* COLLECTED DATA:

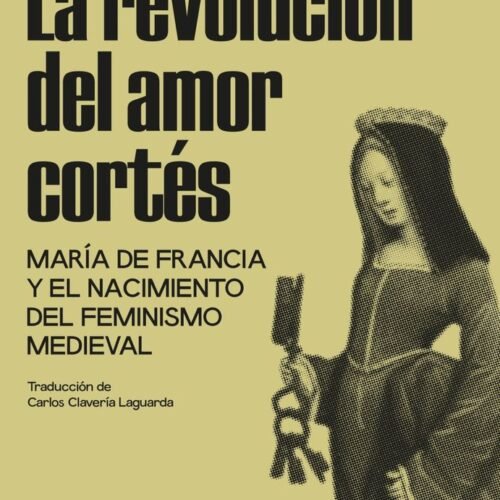 LA REVOLUCIÓN DEL AMOR CORTÉS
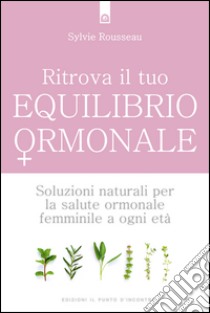 Ritrova il tuo equilibrio ormonale: Soluzioni naturali per la salute ormonale femminile a ogni età. E-book. Formato EPUB ebook di Sylvie Rousseau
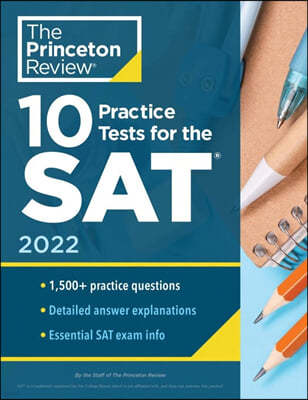 10 Practice Tests for the SAT, 2022: Extra Prep to Help Achieve an Excellent Score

* WHAT YOU WILL DO: Here the lines from the one containing "Ritrova il tuo" through the end of the material are to be copied exactly, with the pictures omitted.

* RESPONSE TO THE TASK:
 Ritrova il tuo equilibrio ormonale: Soluzioni naturali per la salute ormonale femminile a ogni età. E-book. Formato EPUB ebook di Sylvie Rousseau
 10 Practice Tests for the SAT, 2022: Extra Prep to Help Achieve an Excellent Score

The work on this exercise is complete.